┌────────

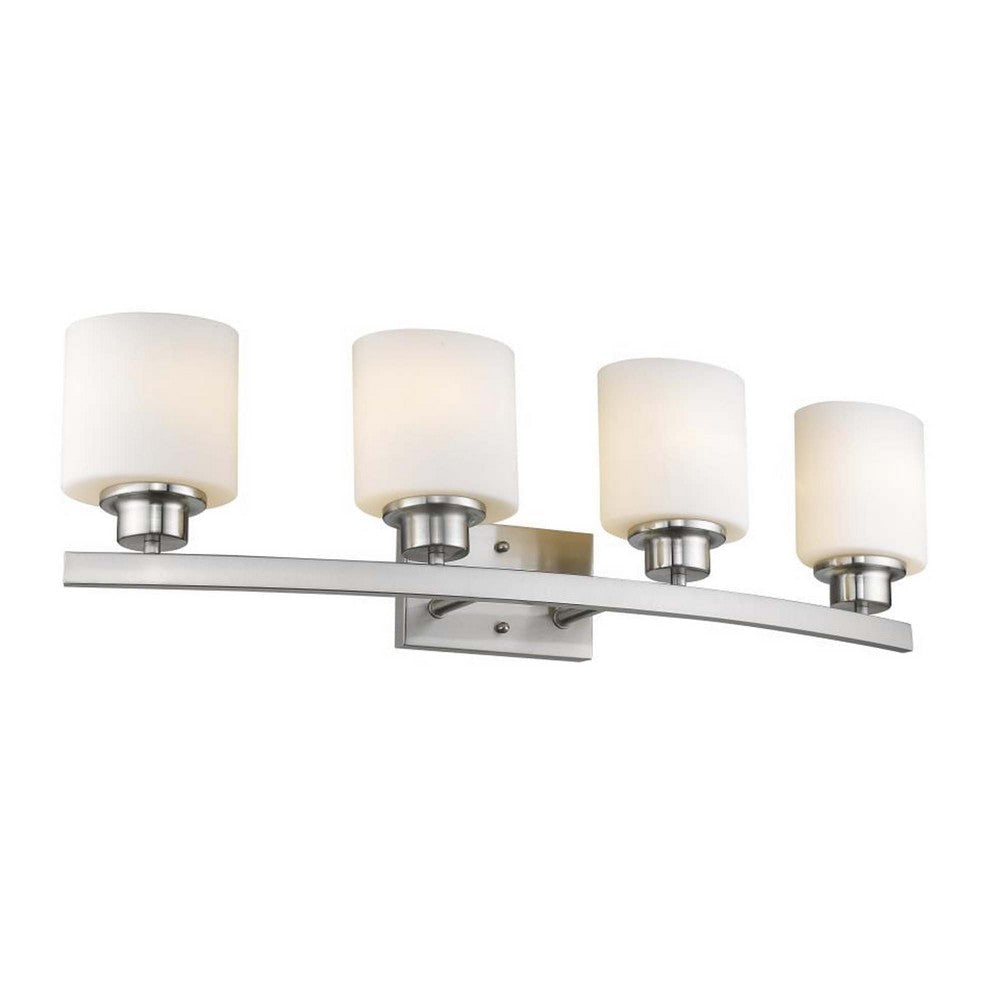 AALIYAH Contemporary 4 Light Brushed Nickel Opal White Glass 32" Wide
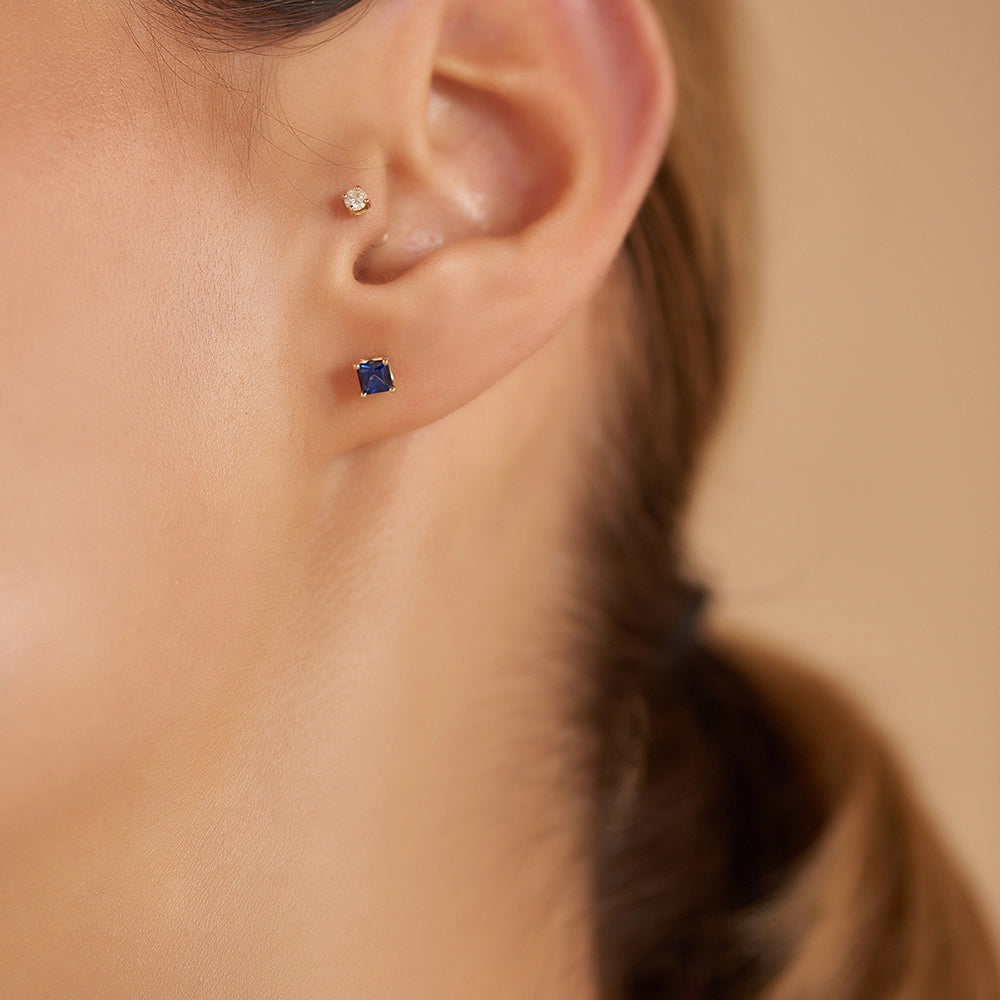 Duo 0.50 CT Blue Safir Taşlı Rose Altın Küpe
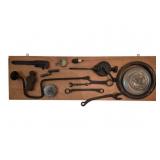 Wooden Plaque w/ Vintage Car Parts & Tools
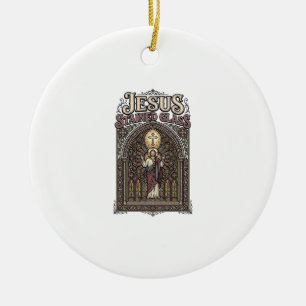Jesus Stained Glass Jesus Stained Glass Cathedral Ceramic Tree Decoration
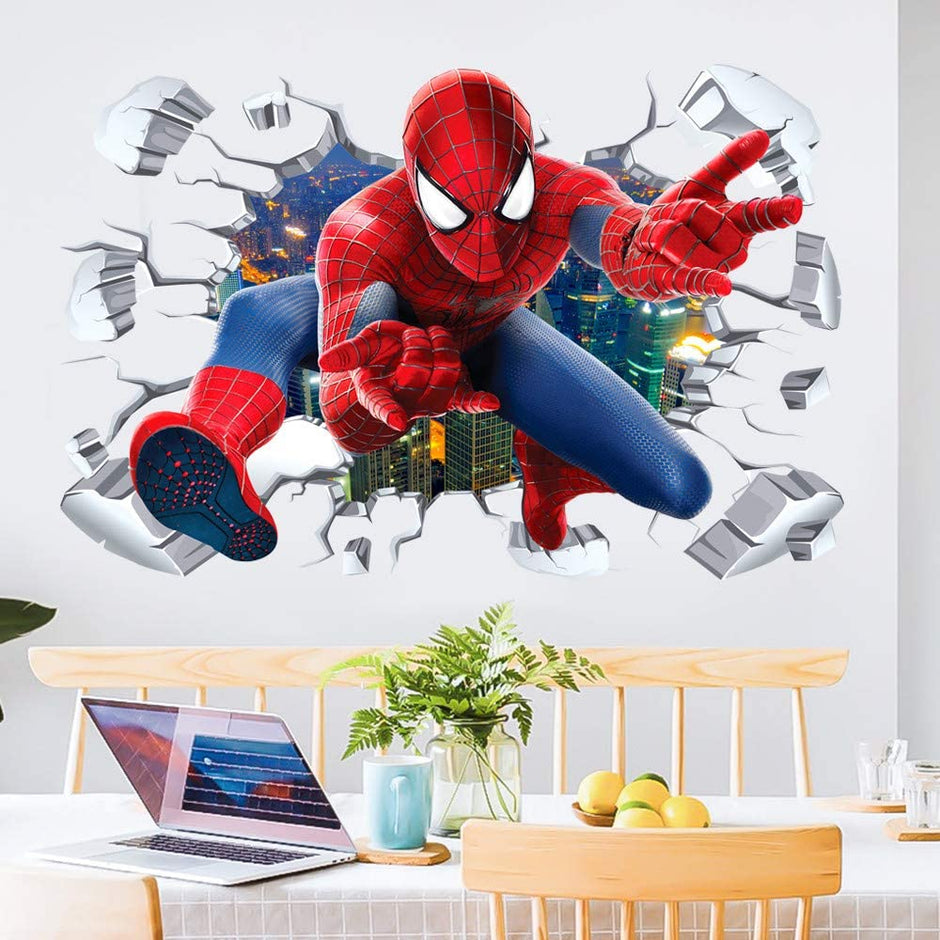 i-emporium 90x60cm | Superhero Wall Stickers | 3D Avenger Spiderman Wall Decal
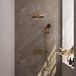 Brauer Gold Edition Thermostatische Regendoucheset Inbouw - Hoofddouche 30 cm - Gebogen Wandarm - Met Drukknoppen - Handdouche 3 Standen - Doucheslang - Geintegreerde Glijstang - Geborsteld Goud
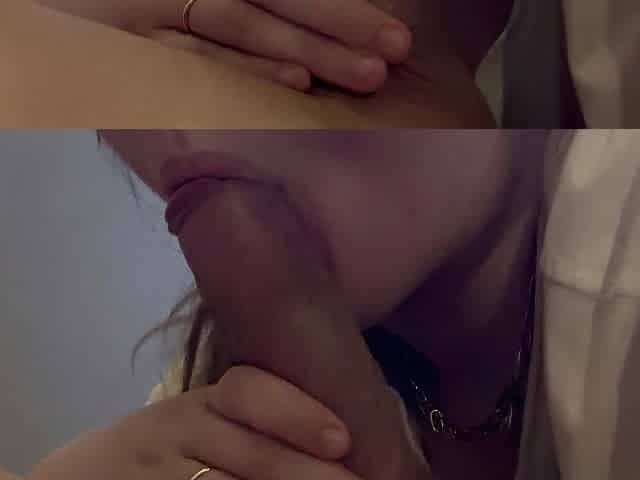 CLOSE UP!SUCKING HIS LARGE SHLONG AND DRINK CUM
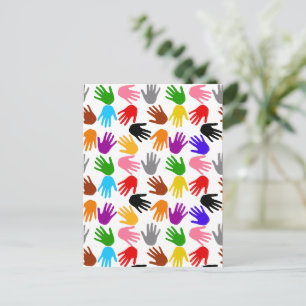 Cartão Postal Design de padrão de impressão de mão colorida bran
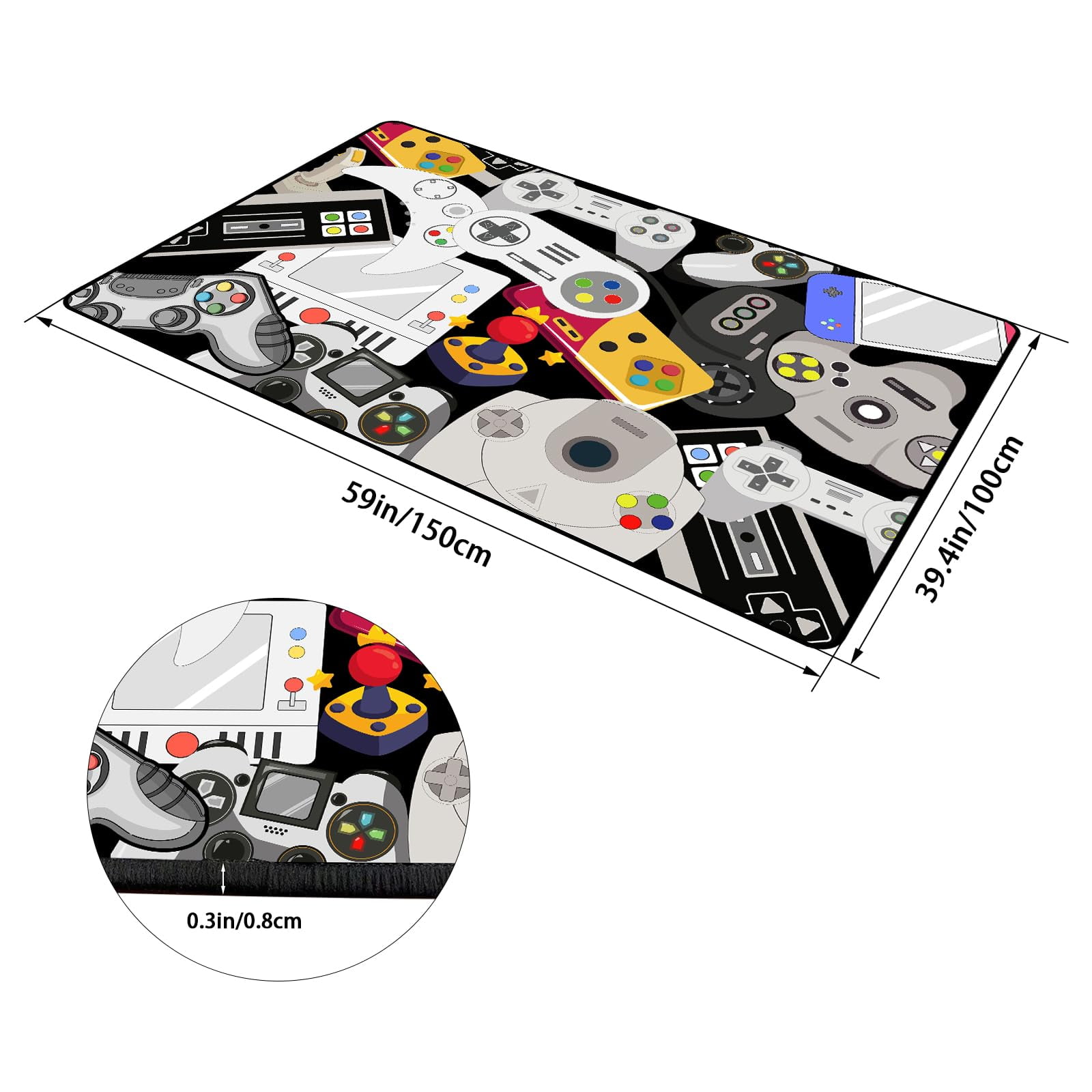 Game Rug Teen Boys Carpet with Game Controller Decoration, 3D Gaming Rugs for Boys Bedroom Living Room Playroom, Non-Slip Gamer Carpet Children Gaming Area Rugs (60" x 40")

└────────

### What the task requires:
Exact duplicates of all the entries are required, and no image may appear in them.

### Response:
 AALIYAH Contemporary 4 Light Brushed Nickel Opal White Glass 32" Wide
 Duo 0.50 CT Blue Safir Taşlı Rose Altın Küpe
 Wooden Plaque w/ Vintage Car Parts & Tools
Jesus Stained Glass Jesus Stained Glass Cathedral Ceramic Tree Decoration
 i-emporium 90x60cm | Superhero Wall Stickers | 3D Avenger Spiderman Wall Decal
 Brauer Gold Edition Thermostatische Regendoucheset Inbouw - Hoofddouche 30 cm - Gebogen Wandarm - Met Drukknoppen - Handdouche 3 Standen - Doucheslang - Geintegreerde Glijstang - Geborsteld Goud
 CLOSE UP!SUCKING HIS LARGE SHLONG AND DRINK CUM
 Cartão Postal Design de padrão de impressão de mão colorida bran
 Game Rug Teen Boys Carpet with Game Controller Decoration, 3D Gaming Rugs for Boys Bedroom Living Room Playroom, Non-Slip Gamer Carpet Children Gaming Area Rugs (60" x 40")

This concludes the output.